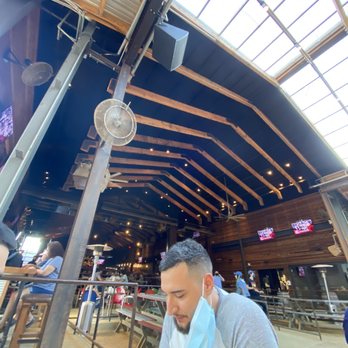 The Rustic - Bars Near Me - Houston, Texas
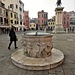 La vera da pozzo ed il monumento equestre al Colleoni in Campo San Giovanni e Paolo.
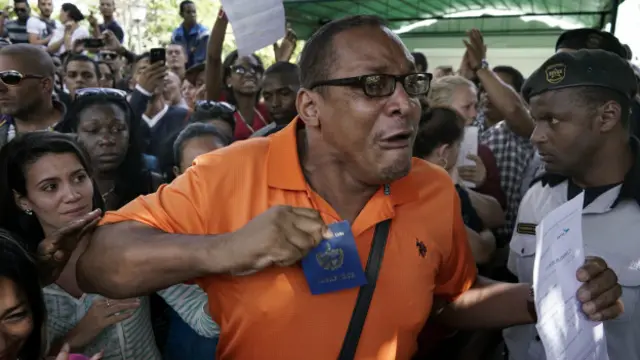 La protesta se concentró frente a la embajada ecuatoriana en La Habana.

EXERCISE PROMPT
Leave the images out and output the remaining material exactly as it stands.

REPLY TO THE EXERCISE
 The Rustic - Bars Near Me - Houston, Texas
 La vera da pozzo ed il monumento equestre al Colleoni in Campo San Giovanni e Paolo.
 La protesta se concentró frente a la embajada ecuatoriana en La Habana.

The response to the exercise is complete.